4 Transformations

Getting Started As always, insert a chunk for the R packages we will need.

library(tidyverse)
library(ggiraphExtra)

4.1 Guided Example: Length and Width of Butter Clams

Upload the file, ButterClams.CSV, from the T drive to the data folder (in your notes project). Run the following chunk to import the data in to R.

clams <- read_csv("data/ButterClams.CSV")

Our dataset contains information on the length and width (both in centimeters) of 88 Puget Sound butter clams. We want to use the width of the clams to model (predict) the length of the clams. Fill in the missing pieces of the code to produce a scatterplot of length versus width, with a smoother. Does a linear trend seem reasonable?
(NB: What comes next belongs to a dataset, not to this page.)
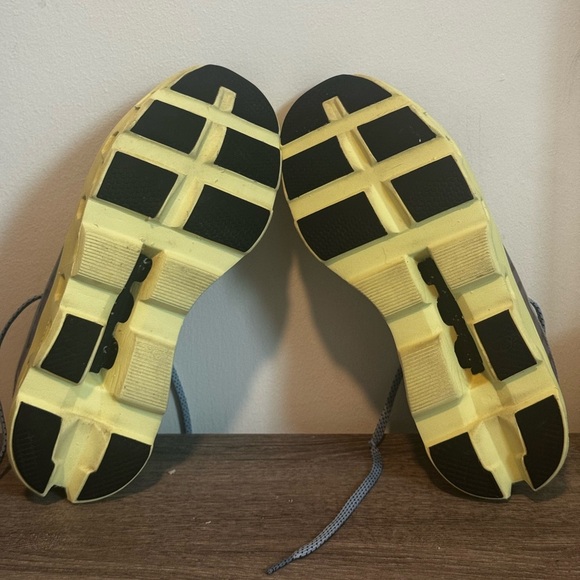 On Running Cloudmonster Nimbus Hay Running Sneaker Shoe 61.98242 Size Women’s 10 - Picture 10 of 12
ggplot(clams, aes(x=Width, y=Length))    +
  geom_point() +
  geom_smooth(se = FALSE) +
  
  labs(x="Width (cm)", y = "Length (cm)")

Propose a simple linear model (for the entire population of butter clams) that uses width to explain length.
Fit the least squares regression equation for modeling length from width. Write down the equation below.

clams_mod1 <- lm(Length ~ Width, data = clams)
summary(clams_mod1)

Fill in the missing pieces of the code to add the least squares regression line to the scatterplot of length versus width for our sample of butter clams. Do not put the standard error on the display.

ggplot(clams, aes(x=Width, y=Length)) + 
  geom_point() + 
  geom_smooth(se = FALSE, method = 'lm') +
  labs(x="Width (cm)", y = "Length (cm)")

Produce plots to check the assumptions for the linear model we have used in this application. Do they seem reasonably met?

plot(clams_mod1)

Run the following code to create a new, transformed variable in your dataset. Write down a description of what this code does.

clams$logLength = log( clams$Length )

Produce a scatterplot (with smoother) using the transformed variable as the response variable, propose a new simple linear model using the transformed response variable, refit the model using this transformation, and examine the residuals. What problem do you see?

ggplot(clams, aes(x=Width, y=logLength))    +
  geom_point() +
  geom_smooth(se = FALSE) +
  
  labs(x="Width (cm)", y = "ln(Length)")

clams_mod2 <- lm(logLength ~ Width, data = clams)
summary(clams_mod2)

plot(clams_mod2)

What transformation should we try to “fix” this? Why? Insert a chunk to create another transformed variable in your dataset.

# make logWidth
clams$logWidth = log(clams$Width)

# y ~ log(x) model
clams_mod3 <- lm(Length ~ logWidth, data = clams)
summary(clams_mod3)
plot(clams_mod3)

# log(y) ~ log(x) model
clams_mod4 <- lm(logLength ~ logWidth, data = clams)
summary(clams_mod4)
plot(clams_mod4)

Produce a scatterplot (with smoother) using both of the transformed variables, propose a new simple linear model using both transformed variables, refit the new model, and examine the residuals. How do things look now?
Using the model to make a prediction: Write down the final fitted regression model. Then use the fitted line to predict the length of a clam that is 2.5 cm wide.

0.3051 + 0.9615*log(2.5)
exp(1.186114)

4.2 Your Turn: Penguins

Motivation: Emperor penguins are the most accomplished divers among birds, making routine dives of 5 – 12 minutes, with the longest dive ever recorded being over 27 minutes. Since air-breathing animals like penguins must hold their breath while submerged, the duration of any given dive depends on such things as how much oxygen is in the bird’s body at the beginning of the dive and how quickly that oxygen gets used. The rate of oxygen depletion is primarily determined by the penguin’s heart rate. Studying the heart rate of these birds can help us to understand how these animals regulate their oxygen consumption in order to make such impressive dives.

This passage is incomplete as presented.